This is a simple sentence segmentation tools based on a decision tree. It is designed for some complicated sentence segmentation tasks such as reports with fix width line breaks.
Use the following command
pip install git+https://github.com/noc-lab/simple_sentence_segment.git
Alternatively, one can download the latest release in the release page and run
pip install simple_sentence_segment-0.1.2.tar.gz
from simple_sentence_segment import sentence_segment
sample_text = """Admission Date: 1-1-01 Discharge Date: 1-1-01
Date of Birth: 1-1-01 Sex: F
HISTORY OF PRESENT ILLNESS: Lorem ipsum dolor sit amet, consectetuer
adipiscing elit. Aenean commodo ligula eget dolor. Aenean massa. Cum
sociis natoque penatibus et magnis dis parturient montes, nascetur
ridiculus mus. Donec quam felis, ultricies nec, pellentesque eu,
pretium quis, sem.
Nulla consequat massa quis enim. Donec pede justo, fringilla vel,
aliquet nec, vulputate eget, arcu. In enim justo, rhoncus ut, imperdiet
a, venenatis vitae, justo. Nullam dictum felis eu pede mollis pretium.
Summary:
1. Integer tincidunt. Cras dapibus. Vivamus elementum semper nisi.
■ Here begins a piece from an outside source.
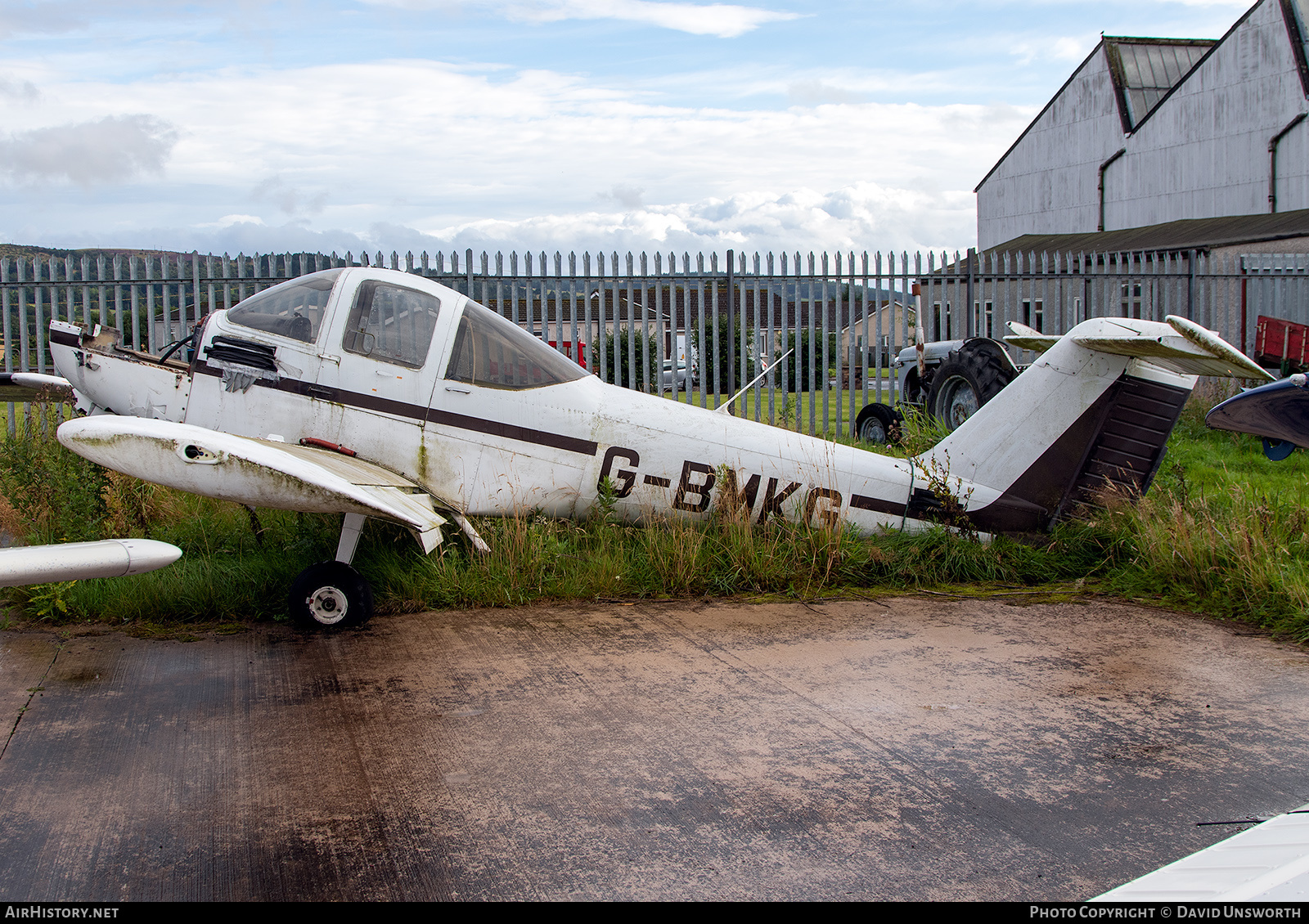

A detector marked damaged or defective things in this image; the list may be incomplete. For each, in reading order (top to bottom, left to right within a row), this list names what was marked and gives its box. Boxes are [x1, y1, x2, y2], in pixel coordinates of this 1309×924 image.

Aenean vulputate eleifend tellus. Left vs. right.
2. Aenean leo ligula, porttitor eu, consequat
vitae, eleifend ac, enim.
3. Aliquam lorem ante, dapibus in, viverra quis, feugiat a, tellus."""
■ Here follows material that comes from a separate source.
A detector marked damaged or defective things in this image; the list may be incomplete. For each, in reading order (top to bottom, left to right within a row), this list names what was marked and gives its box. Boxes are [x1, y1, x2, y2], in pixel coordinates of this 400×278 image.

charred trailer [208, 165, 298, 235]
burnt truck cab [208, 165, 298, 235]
for s, t in sentence_segment(sample_text, exclusive_phrase=['vs.']):
print(repr(sample_text[s:t].strip()))
The output is
'Admission Date: 1-1-01'
'Discharge Date: 1-1-01'
'Date of Birth:'
'1-1-01'
'Sex:'
'F'
'HISTORY OF PRESENT ILLNESS: Lorem ipsum dolor sit amet, consectetuer \nadipiscing elit.'
'Aenean commodo ligula eget dolor.'
'Aenean massa.'
'Cum \nsociis natoque penatibus et magnis dis parturient montes, nascetur\nridiculus mus.'
'Donec quam felis, ultricies nec, pellentesque eu, \npretium quis, sem.'
'Nulla consequat massa quis enim.'
'Donec pede justo, fringilla vel,\naliquet nec, vulputate eget, arcu.'
'In enim justo, rhoncus ut, imperdiet \na, venenatis vitae, justo.'
'Nullam dictum felis eu pede mollis pretium.'
'Summary:'
'1.'
'Integer tincidunt.'
'Cras dapibus.'
'Vivamus elementum semper nisi.'
'Aenean vulputate eleifend tellus.'
'Left vs. right.'
'2.'
'Aenean leo ligula, porttitor eu, consequat\nvitae, eleifend ac, enim.'
'3.'
'Aliquam lorem ante, dapibus in, viverra quis, feugiat a, tellus.'
import spacy
from simple_sentence_segment import SentenceSegmenter
sample_text = """Admission Date: 1-1-01
Discharge Date: 1-1-01
Date of Birth: 1-1-01
Sex: F
HISTORY OF PRESENT ILLNESS: Lorem ipsum dolor sit amet, consectetuer
adipiscing elit. Aenean commodo ligula eget dolor. Aenean massa. Cum
sociis natoque penatibus et magnis dis parturient montes, nascetur
ridiculus mus. Donec quam felis, ultricies nec, pellentesque eu,
pretium quis, sem.
Nulla consequat massa quis enim. Donec pede justo, fringilla vel,
aliquet nec, vulputate eget, arcu. In enim justo, rhoncus ut, imperdiet
a, venenatis vitae, justo. Nullam dictum felis eu pede mollis pretium.
Summary:
1. Integer tincidunt. Cras dapibus. Vivamus elementum semper nisi. Aenean vulputate eleifend tellus.
2. Aenean leo ligula, porttitor eu, consequat vitae, eleifend ac, enim.
3. Aliquam lorem ante, dapibus in, viverra quis, feugiat a, tellus."""
nlp = spacy.load('en')
nlp.add_pipe(SentenceSegmenter().set_sent_starts, name='sentence_segmenter', before='parser')
doc = nlp(sample_text)
for sen in doc.sents:
print(repr(sen.string))
The model is trained based on some reports shown as examples using some hand-craft rules by the author. Feedback is always welcome so that the author can add more rules in generating training examples and have a better model.